De ARCA, CC OO, CGT y Ecologistas en
Acción
E. P. Santander/20-07-2005
CC OO, CGT, ARCA y Ecologistas en Acción han
iniciado una campaña en contra de la incineración de residuos en
la que pretenden pegar 2.000 carteles en distintos puntos de la
región y repartir 5.000 octavillas en los municipios de Valdeolea
y Meruelo, en los que están proyectados la puesta en marcha de
plantas incineradoras.
En rueda de prensa, José Ángel Herrera,
vicepresidente de ARCA, destacó la intención de
"trasladar" a toda la ciudadanía la "amenaza"
que, según destacó, "representa para todos los cántabros
los proyectos de Mataporquera y Meruelo".

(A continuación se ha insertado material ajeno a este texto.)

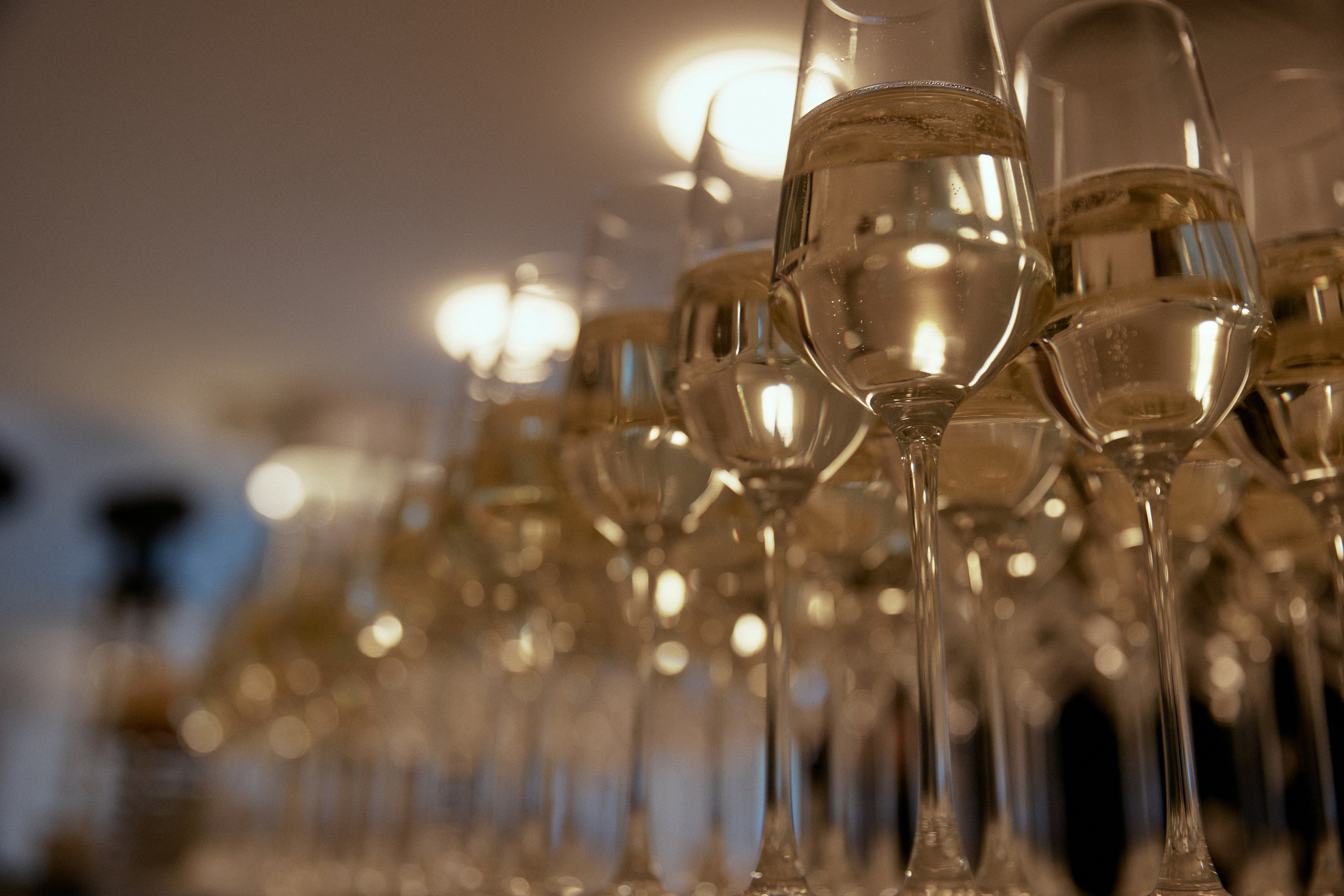 АВАЛОН. Happy New Year. Дмитрий Мазуркевич: Профессиональный Репортажный Фотограф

Mientras, el responsable de Medio Ambiente y
Salud Laboral de CC OO de Cantabria, Jesús María Puente, recalcó
que los proyectos de incineración "van asociados" a
iniciativas industriales "cada vez menos sostenibles " y
que, además, "generan menos empleo". "Optar por la
incineración es optar por un modelo productivo condenado al
fracaso", sentenció.
Puente consideró, de este modo, que los
residuos "no deben tratarse en régimen de incineración, sino
en régimen de vertedero " con el fin de "favorecer la
reutilización". Por su parte, Bernardo Garía, de Ecologistas
en Acción, subrayó los "peligros para la salud" que,
según dijo, implica la instalación de plantas de incineración y
que "están constatados por la Dirección General de Salud Pública",
apostilló. En relación con esta idea, indicó que la Administración
"no es acreedora de la confianza" que, según afirmó,
"pide a los ciudadanos" para el "control" de la
incineración. "La Administración ha dado la espalda a
procesos contaminantes en la región y eso es una realidad",
recalcó.
Por otro lado, Puente explicó que el Gobierno
está "poniendo en marcha" el Plan de Residuos Sólidos
Urbanos que, según comentó, está previsto que se dé a conocer
al Parlamento de Cantabria en septiembre, a petición del PP. Confió
en que el borrador definitivo recoja "algunas de las
alegaciones presentadas", ya que era 2totalmente
infumable" y contemplaba la incineración de 40.000 toneladas
de residuos al año "sin argumentación sólida".